3 August 1844. Governor Fitzroy, having arrived to New Plymouth, meets with Māori leaders. Katatore has ‘a great deal to say.’ He opposes Commissioner Spain’s recommendation (Parsonson 56-57).

31 August 1844. McLean reports ‘the anxiety of the Huatoki people, who had come to see him to ask about the Governor’s intentions towards them’ (Parsonson 61).

2 September 1844. Report of 3 August meeting published in Māori language newspaper Ko te Karere o Nui Tireni. It says that Fitzroy will not take the land of people who had not agreed to sell as that would be stealing: ‘Mehemea, e wakaae ana ahau, kia tangohia noatia o koutou whenua, i rite ahau kit e tahae. Kihai ahau i haere mai ki Nui Tireni ki te tahae’ (quoted in Parsonson 56-57).

9 September 1844. At a meeting with McLean Poharama (Ngāti Te Whiti) stated that ‘the land from Ngamotu to Waiwakaiho [sp] “belongs to me, I will not part with it. Sometime ago I was foolish and wd. have sold it, but now that I know the value of it I will not. I don’t want to part with my Lands to be made a slave of by the Europeans”’ (Quoted in Parsonson 62).

Late September 1844. McLean meets with Ngāmotu people to discuss boundary from the Mangotuku towards the Waiwhakaiho River and records in his diary that Poharama says

…but I do not wish them to extend their cultivation, our cultivations on the sea side are not to be trespassed – our Pah at Huatoki is to be left in our possession and Puki Ariki is an old favourite Pah of our forefathers and we wish to have it back… As also the Pah that Honi Ropiha and tribe occupy at Waiwakaio and from that Pah down to Seaward.

He also records Te Waka as saying: ‘the Lands the Europeans are cultivating is all that they are to have’ (quoted in Parsonson 63).
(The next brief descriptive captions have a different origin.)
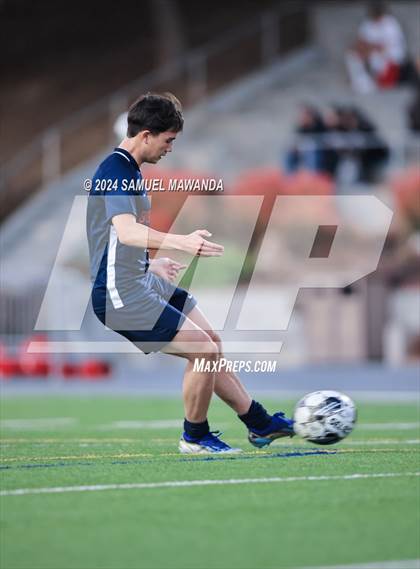 Thumbnail 2 in Brentwood School vs Burroughs photogallery.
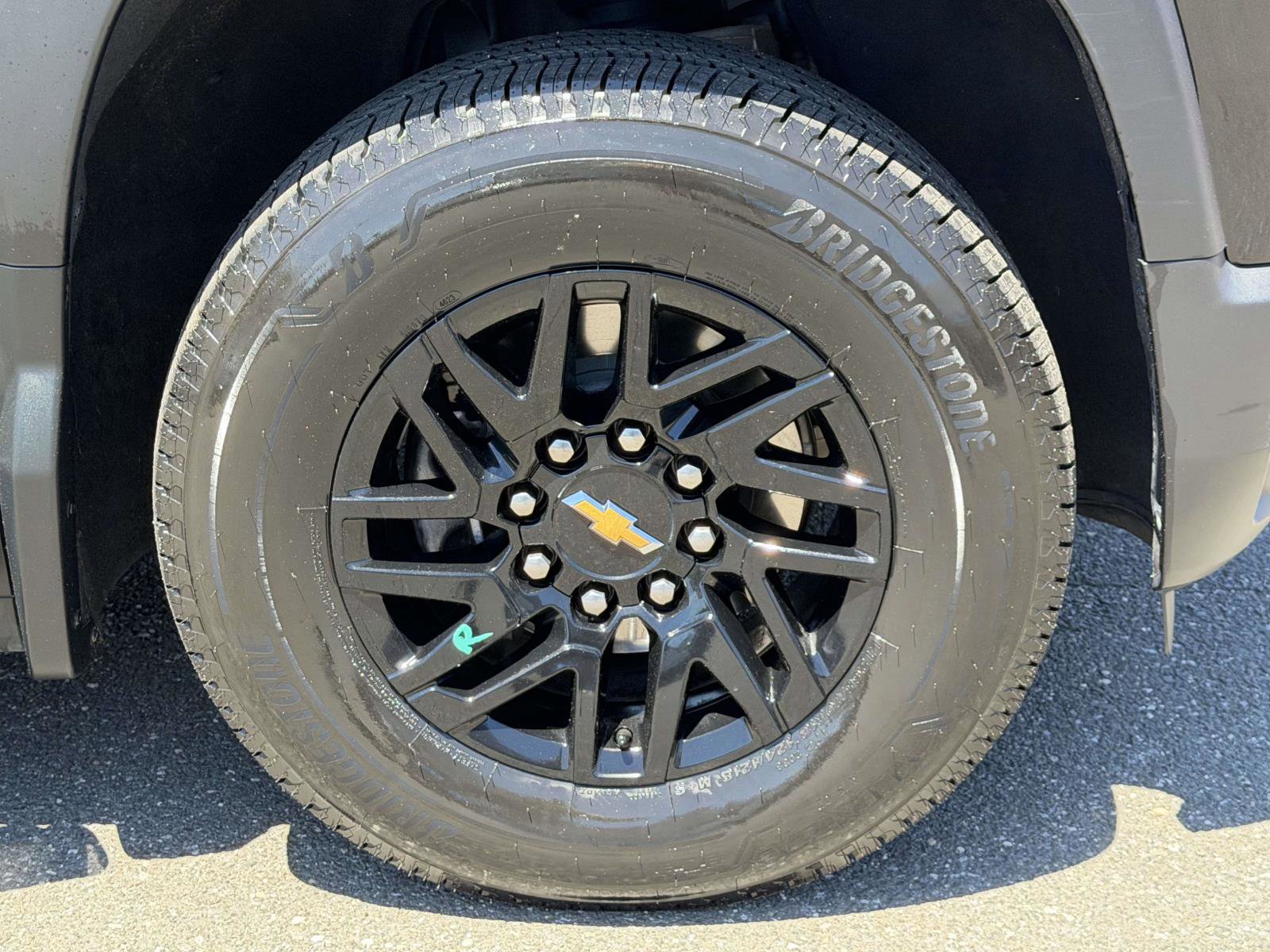 Certified 2024 Chevrolet Silverado EV W/T AWD/4WD image 8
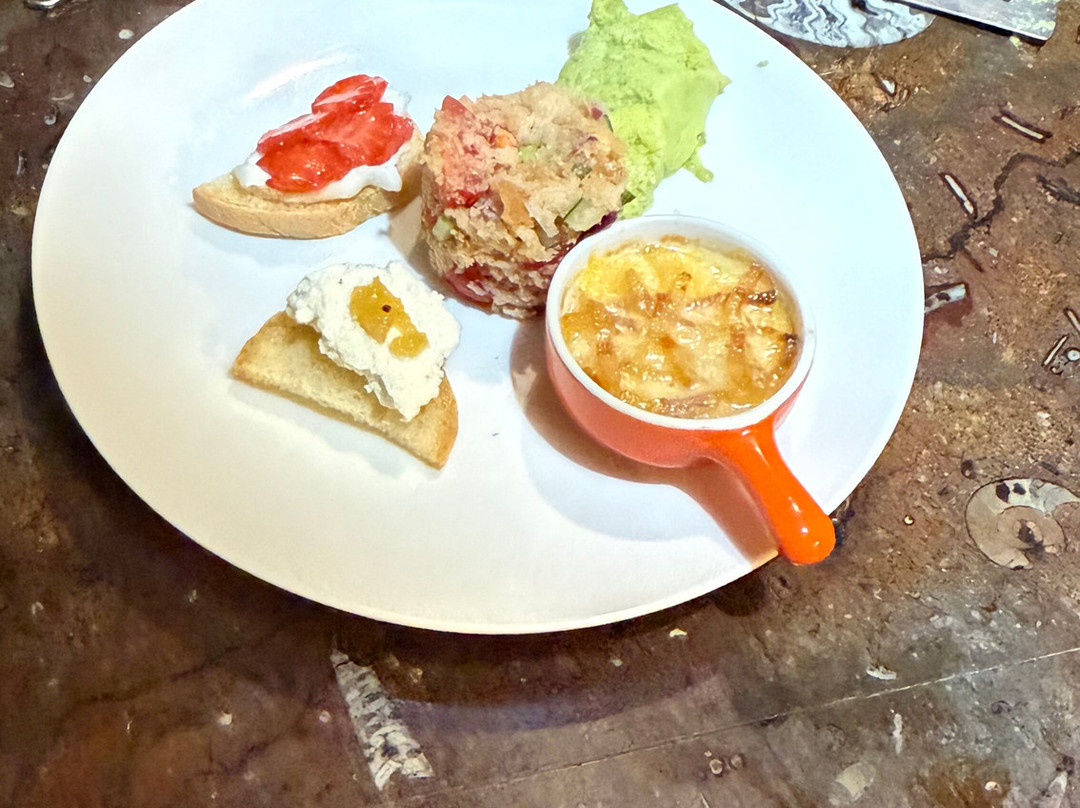 Chef Cook Ryan Hanley-科尔托纳必去景点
26 November 1844. Ngāmotu. ‘Over 80 (Ngamotu) Te Ati Awa men and women entered into a transaction by which they received payment “in full·consideration of our altogether parting with all our pieces of land and places within all our lands described in this deed that is to say all the places at Ngamotu within the following boundaries…”’ (Parsonson 58). Parsonson comments that ‘The signing of the Fitzroy deed might well have seemed to the people as much a safeguard of the rest of the Te Ati Awa lands, as an acceptance of the loss of the New Plymouth lands’ (64).

1845

May 1845. Governor Fitzroy recalled.

2 September 1845. Letter from Wiremu Kīngi to Kemp et al in which he talks of the people’s wish to return to Waitara (Parsonson 85).

November 1845. Captain George Grey arrives in Auckland, Fitzroy’s successor.